The Summer Institute at The Museum of Early Southern Decorative Arts is a month-long, hands-on, multidisciplinary, material culture field school.  In this course students will learn current methods of object-based research, interpretation, and analysis. They will also learn how to apply these skills as public-facing historians engaged in creating compelling object- and place-based histories.

The 2019 Summer Institute will focus on the Southern Backcountry, in particular the Cotton South, a region that includes Piedmont Georgia and Upstate South Carolina.  Students will learn about the region from prehistory to the Civil War through the objects, buildings, and landscapes made and used by the diverse people who called the region home.

The program’s month-long curriculum includes lectures, discussions, hands-on workshops, artifact studies, an intensive study trip through western North Carolina, east Tennessee, the Georgia Piedmont, and Upcountry South Carolina, and a capstone research project.

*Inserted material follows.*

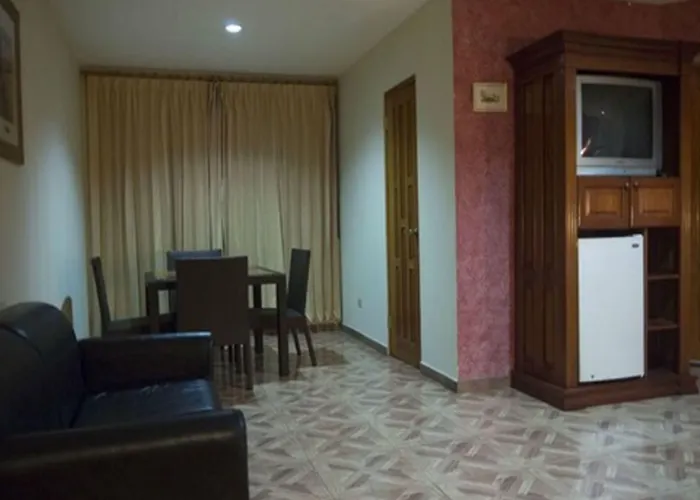 Hotel Castilla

Three hours of graduate credit are awarded through the University of Virginia’s Graduate Program in the History of Art and Architecture.

Program Resources

The Museum of Early Southern Decorative Arts (MESDA) at Old Salem Museums & Gardens is home to the country’s finest collection of decorative arts made and used in the early American South.  Through its collection, scholarly research, publications, and programs the museum is a leader in the study of Southern material culture.  The MESDA Collection spans five centuries and includes furniture, paintings, ceramics, textiles, metalwork, and other decorative arts from Maryland, Virginia, the Carolinas, Georgia, Kentucky, and Tennessee.  The Anne P. and Thomas A. Gray Library and MESDA Research Center is home to extensive documentary resources related to objects made in the South and the craftsmen who made them.  These resources include biographical files on more than 80,000 Southern craftsmen, an object database containing files on more than 20,000 Southern objects, and a 20,000 volume library and rare book and manuscript collection focused on southern history, material culture, and decorative arts.

The University of Virginia was founded by Thomas Jefferson in 1819. The University sustains the ideal of developing, through education, leaders who are well prepared to help shape the future of the nation.  Students will have access to the University of Virginia’s extensive digital scholarly resources.